# Try it
Every entry below must be reproduced exactly.

# Extracted data entries
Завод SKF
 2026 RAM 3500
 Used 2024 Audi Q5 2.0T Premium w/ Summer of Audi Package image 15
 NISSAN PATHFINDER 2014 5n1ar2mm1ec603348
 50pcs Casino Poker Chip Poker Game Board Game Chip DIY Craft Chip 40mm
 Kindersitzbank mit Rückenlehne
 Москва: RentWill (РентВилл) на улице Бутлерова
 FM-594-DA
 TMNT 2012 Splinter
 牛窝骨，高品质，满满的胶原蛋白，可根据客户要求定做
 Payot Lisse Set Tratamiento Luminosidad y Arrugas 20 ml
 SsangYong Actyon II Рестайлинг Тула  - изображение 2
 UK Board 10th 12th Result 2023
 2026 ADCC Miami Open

# Exercise output
Завод SKF
 2026 RAM 3500
 Used 2024 Audi Q5 2.0T Premium w/ Summer of Audi Package image 15
 NISSAN PATHFINDER 2014 5n1ar2mm1ec603348
 50pcs Casino Poker Chip Poker Game Board Game Chip DIY Craft Chip 40mm
 Kindersitzbank mit Rückenlehne
 Москва: RentWill (РентВилл) на улице Бутлерова
 FM-594-DA
 TMNT 2012 Splinter
 牛窝骨，高品质，满满的胶原蛋白，可根据客户要求定做
 Payot Lisse Set Tratamiento Luminosidad y Arrugas 20 ml
 SsangYong Actyon II Рестайлинг Тула  - изображение 2
 UK Board 10th 12th Result 2023
 2026 ADCC Miami Open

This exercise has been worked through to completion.